It is a common theme of mine, but one which bears repeating. We collect and disseminate all manner of data, but not so much of data which count. In an article by mathematician Hannah Fry in the March 29, 2021 edition of The New Yorker, she reviews two new books on data and statistics. The article has the title “What Really Counts: When it comes to people—and policy—numbers are both powerful and perilous” and is available, under the title “What Data Can’t Do” at What Data Can’t Do | The New Yorker 
The books by Deborah Stone and Tim Harford are well worth pursuing for those wanting to delve more deeply into the subject. Here, I will just comment on the review article as it makes several very important points. One quote is: “Numbers can be at their most dangerous when they are used to control things rather than to understand them.” [emphasis added] This distinction is particularly important when it comes to artificial intelligence (AI) and machine learning (ML) and their application to cybersecurity.

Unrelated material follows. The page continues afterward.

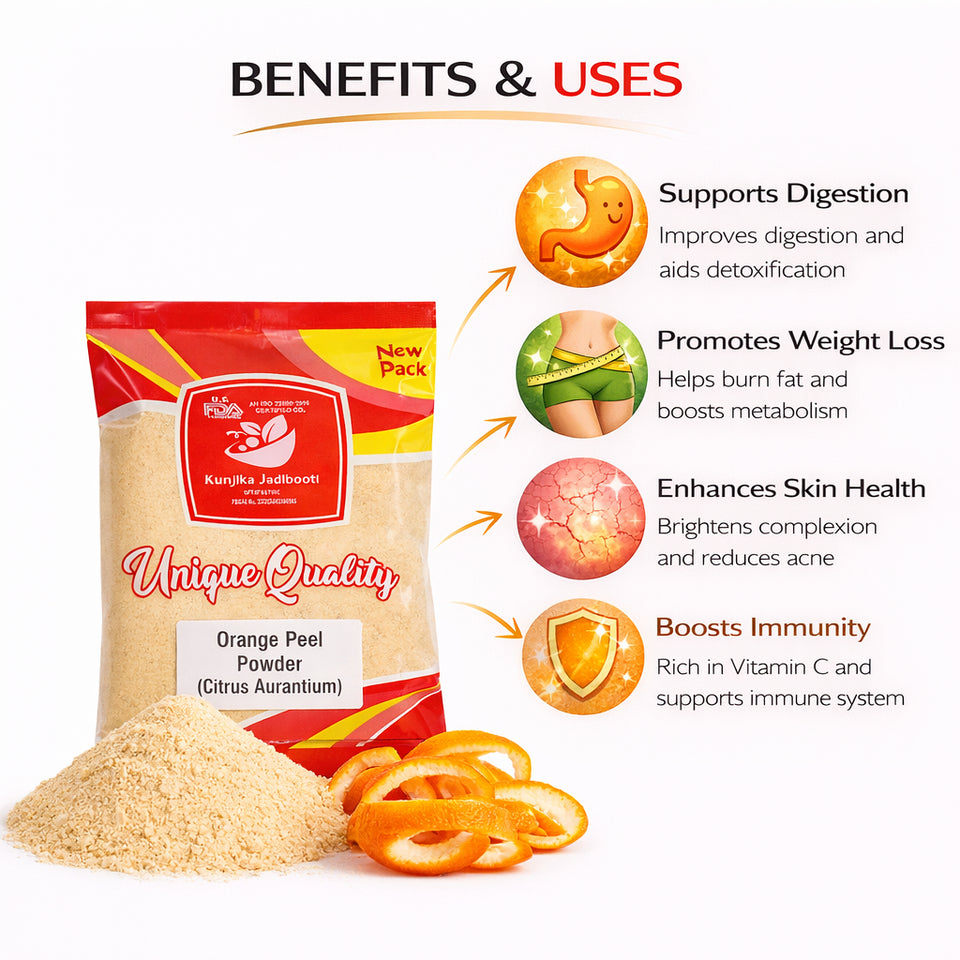 Kunjika Jadibooti Pure & Natural Orange Peel Powder for Face Pack with Vitamin C & Antioxidants | Face Pack Glowing skin | Face Cleanse - 100 gm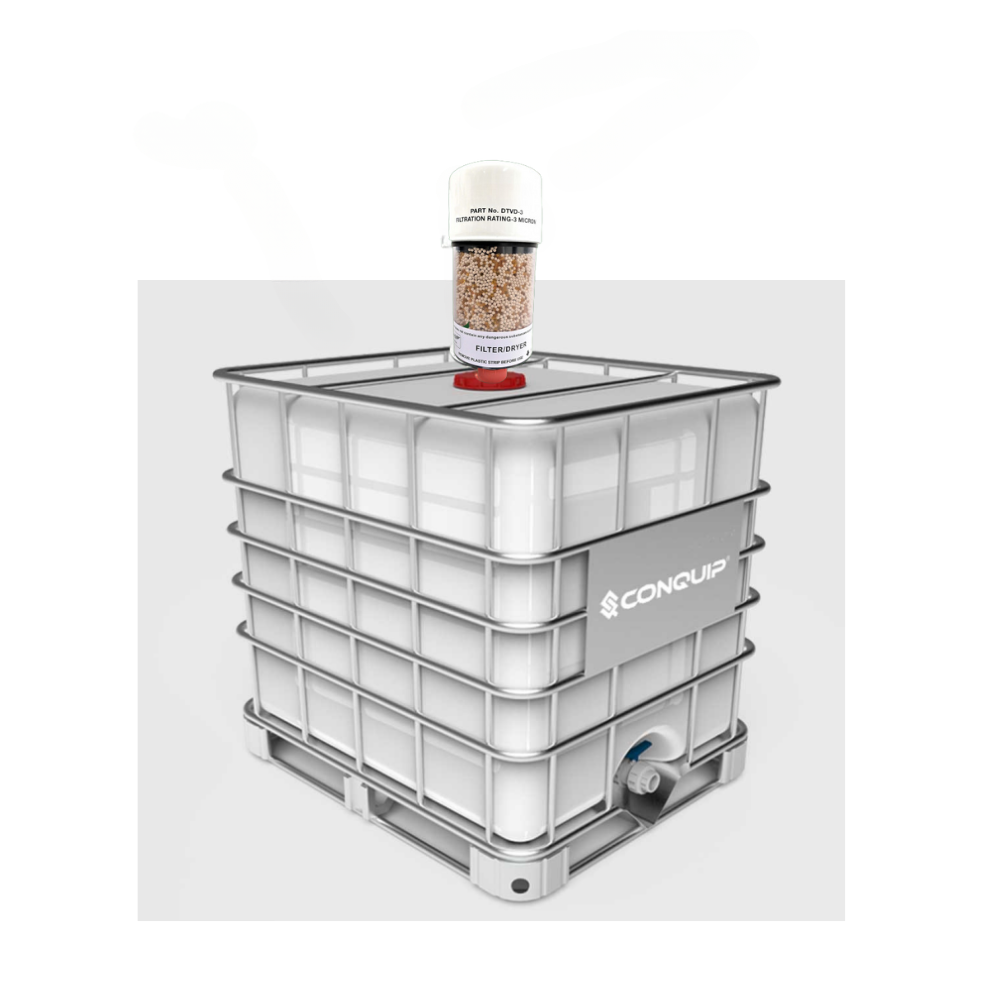 Valved Reservoir Breather protects fluids, semi-solids and powders from moisture.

For cybersecurity, it is the difference between intrusion detection and intrusion prevention systems (IDS vs. IPS). Intrusion detection systems let you know if an attack is in progress, but do nothing to stop it. Intrusion prevention systems, on the other hand, will actively block a purported attack, which can prevent further damage but also can be a problem if the IPS is mistaken.
For AI, the difference is even starker. With road vehicles, for example, you can have a lane departure warning system, which warns you that you are “over the line” but leaves it up to you to decide what to do. However, with a lane departure control system, the vehicle takes over automatically and “corrects” your position on the road, whether appropriate or not.
In Fry’s article, there is a very apt quote, as follows:
“To count well, we need humility to know what can’t and shouldn’t be counted.”
This is in contrast to the hubris displayed by some cybersecurity (and other) professionals. And it supports questioning the oft-used statement that you can only manage what you can measure. We have previously discussed the questionable nature of the latter assertion and now we have even greater reason for doubt.
The bottom line is that we should be circumspect when it comes to using data to further our understanding of situations and we need to be confident that actions we take are based on significant—not just convenient—data.